It’s somewhat unusual for Michigan Republicans to try and reverse their Republican brethren in Washington, but it’s a political necessity. The bill has consistently been unpopular, with a majority firmly opposed in several polls. The fact that the Senate rammed it through in the dead of night with handwritten changes scratched in the margins probably didn’t help. (Remember Republicans’ adorable cries of “Read the bill!” during the Obamacare debate?)

Arguing that people aren’t particularly swift and don’t get it probably isn’t a winning argument for the GOP in an election year.

But Republicans — particularly gubernatorial candidates Lt. Gov. Brian Calley and Attorney General Bill Schuette — have to do a lambada-like dance around the fact that their proposals are fixing what Trump has done.

Because if there’s one thing we know about the Trump voters needed to win the August GOP primary, it’s that they don’t take kindly to questioning anything that Dear Leader does. No matter how many times the president erratically speaks, threatens nuclear war over Twitter, or tries to meddle in the federal investigation into his campaign’s ties to Russia, the Trump diehards still support him, as we know from the countless media sojourns into flyover country. (The pro-Trump Michigan Conservative Coalition even deploys a Trump lookalike to cultishly trot around events around the state, which is definitely not weird).

On the surface, the tax fix shouldn’t be hard for Snyder, who refused to endorse Trump. But his No. 1 mission to salvage his badly damaged legacy after the Flint water crisis is to get Calley elected. And nobody is going to win a GOP primary by taking on Trump.

So while proposing his plan to restore the personal exemption in Michigan, Snyder made some references to Congress but has carefully tried to avoid the “T-word.” His treasurer, Nick Khouri, gave an assist by arguing that the exemption elimination was an “unintended consequence” of the GOP tax bill.

Snyder’s proposal is simple and makes some economic sense. But the politics are always trickier, so he’s sweetening the deal by increasing the exemption to $4,500 in 2021. That way, the GOP can bill it as a tax cut. And conveniently, any hit to the state budget will be a problem for the next governor and Legislature to solve.

Meanwhile, Schuette, who has won Trump’s endorsement and has sought to tie himself to the president’s hip, is taking the D.C. tax plan lemon and trying to make lemonade.

The centerpiece of Schuette’s campaign is that he’ll kill the Jennifer Granholm income tax hike.
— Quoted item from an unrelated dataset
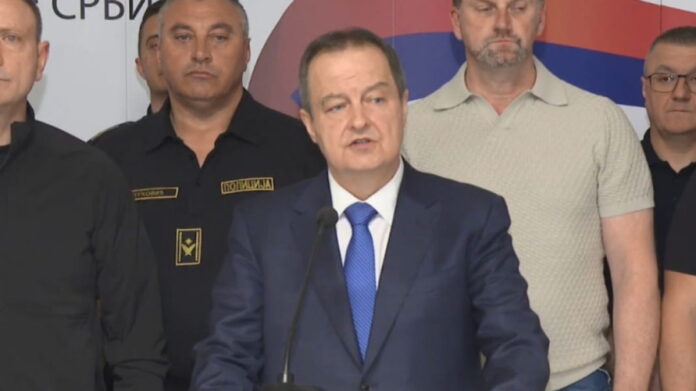 DAČIĆ TVRDI „Policija nikad jača!“ - Građani će danas moći vidjeti helikoptere, specijalce i borbena vozila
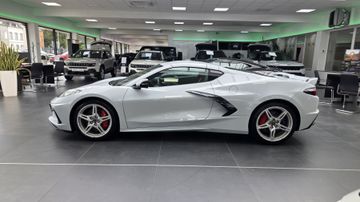 Corvette C8 - 4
A few quick facts: The Democrat hasn’t been governor since 2010 and the tax increase passed the GOP-led Senate during her tenure. Furthermore, Michigan has had a Republican governor and Legislature for the last seven years. Instead of killing the income tax, they enacted in 2011 a $1.4 billion tax hike on individuals to help pay for an almost $2 billion corporate tax cut.
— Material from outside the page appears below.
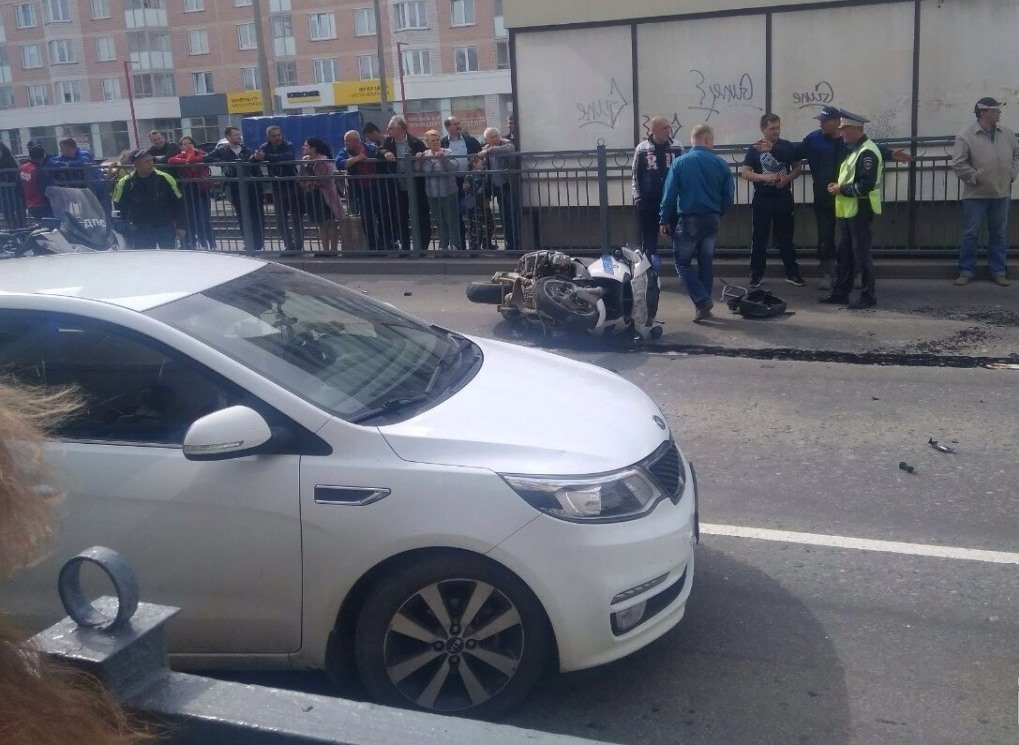В Екатеринбурге при попытке остановить нарушителя разбился инспектор мотовзвода ГИБДД (ФОТО, ВИДЕО)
The Trump tax plan would seem to put Schuette in a bind and undermine his core message. But never underestimate the AG’s political skill.

First, he blithely celebrated Republicans for cutting taxes at the federal level. Then he pivoted by calling for Michigan Republicans to “finally eliminate the Granholm income tax increase.”

It’s a pretty ingenious play. Schuette doesn’t just manage to avoid criticizing Trump and congressional Republicans for their tax hike on Michigan. He actually turns this political liability into an opportunity to return to his campaign message of bashing the Granholm boogeyman. This strategy, of course, ignores objective reality, but Schuette benefits from an environment where many reporters fret that they’ll be accused of bias just for performing the simple act of fact-checking.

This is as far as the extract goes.